Proposed pathophysiological mechanisms for ARIA. ARIA may occur due to the pathological deposition of amyloid in cerebral blood vessel walls (also known as cerebral amyloid angiopathy, CAA) or upon introduction of monoclonal antibodies that remove Aβ plaque.^,, The loss of vascular integrity and impaired clearance often leads to an immune response (inflammation) in the vessel wall. Such effects transiently weaken the vessels leading to leakage of proteinaceous fluid and blood, resulting in ARIA-E or ARIA-H, respectively.

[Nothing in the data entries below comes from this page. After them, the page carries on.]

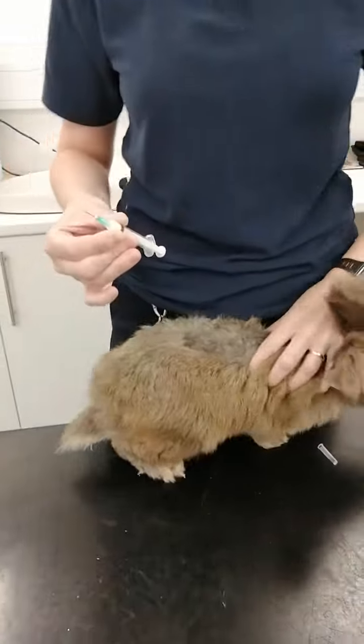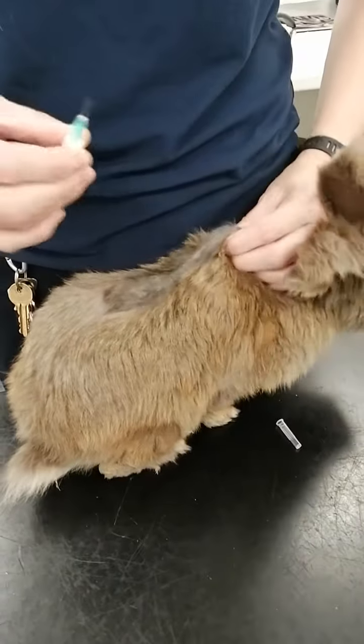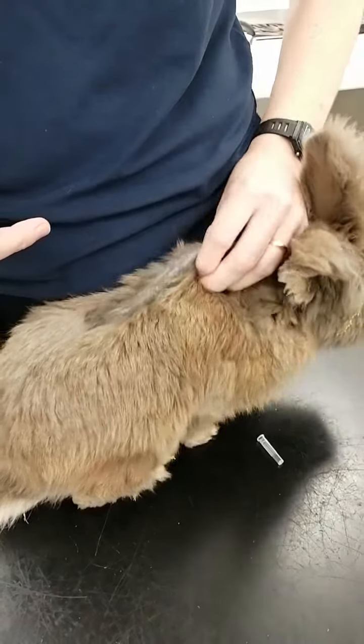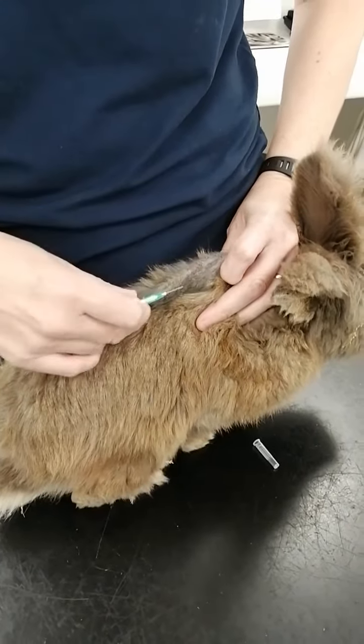We're then going to tense the skin up so that we make a triangle at the base in which to inject. Cookie's got a bit of a skin condition which makes it a little bit easier to see what we're doing. So we take a big handful of skin and, as you can see, that just tenses it up at the bottom.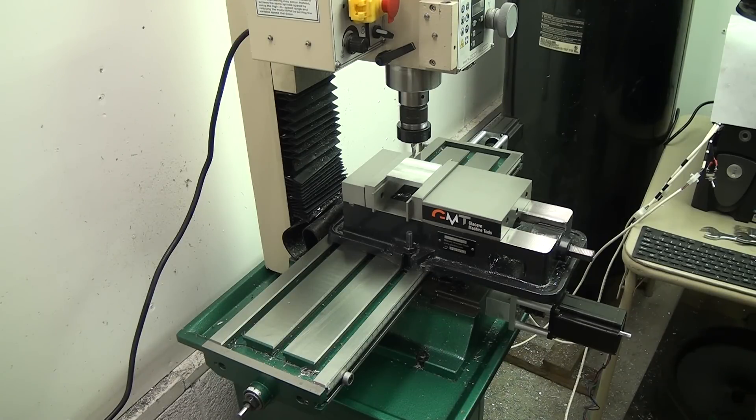I'm using LinuxCNC for now. I'll probably eventually be going over to Mach 3 just because it kind of seems to be the standard thing to use. But to get up and running, LinuxCNC is pretty easy and no problem.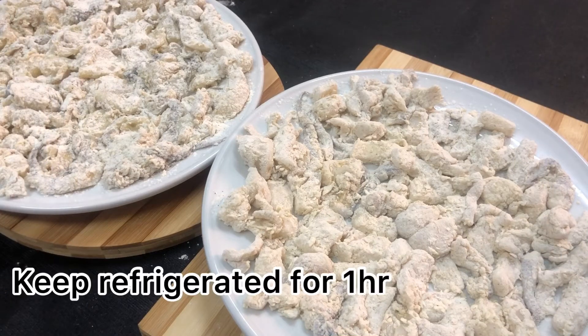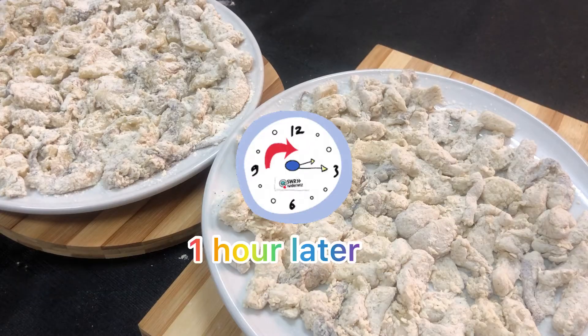Okay na guys, i-refrigerate lang po natin ng mga 30 minutes to 1 hour para po gumapit po yung bread. Balikan po natin mamaya.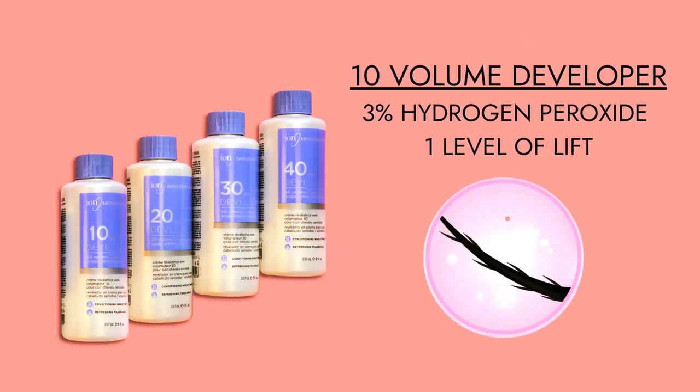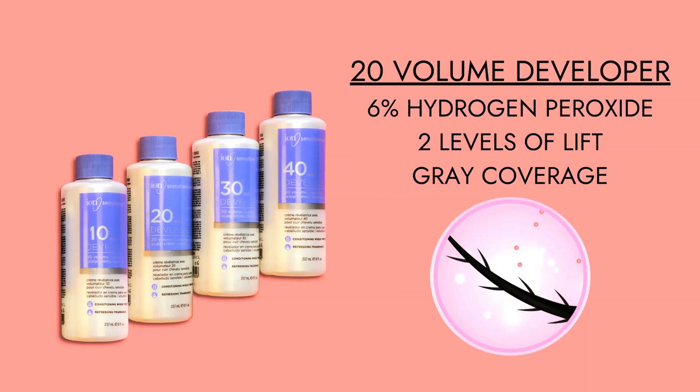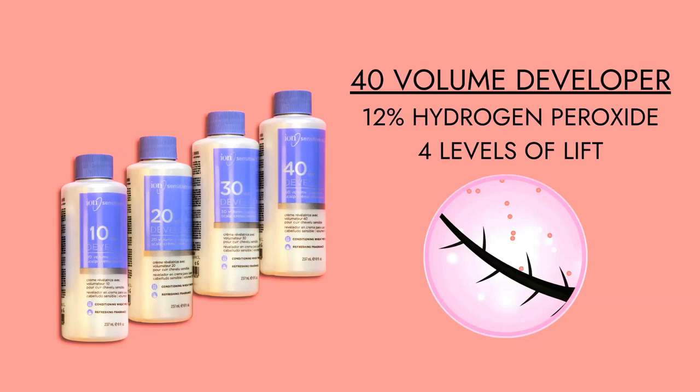There are other levels out there but I do not recommend them at home. For 40 volume — a little caution from me to you: don't ever use it on the scalp. You just don't need that much energy at your scalp. Stick with 20 volume and below anytime you're working close to the scalp, especially with bleach. 10 volume gives one level of lift, 20 to 30 volume gives about three levels of lift, and 40 volume is maximum lift.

Some evidence suggests that with repeated immunization, the risk of extravasation tends to decrease, subsequently decreasing the risk of ARIA.^,, sAβ = soluble amyloid-β.

Figure 3

MRI protocols for detection of ARIA in an anti-amyloid therapy clinical trial. Owing to the limited availability of higher field units in certain centres, the use of 1.5 T scanners is suggested as a minimum standard despite the greater sensitivity often found with high-field strength scanners. The implementation of more sensitive MRI measures e.g. susceptibility weighting imaging (SWI) to detect ARIA-H should be balanced against the clinical importance of such findings. While a brain MRI obtained within the past year may be acceptable if there have been no clinical changes since the scan was performed, it is preferable to obtain a brain MRI when initiating treatment or within 3–4 months of beginning treatment. GRE = gradient recalled echo; TE = echo time.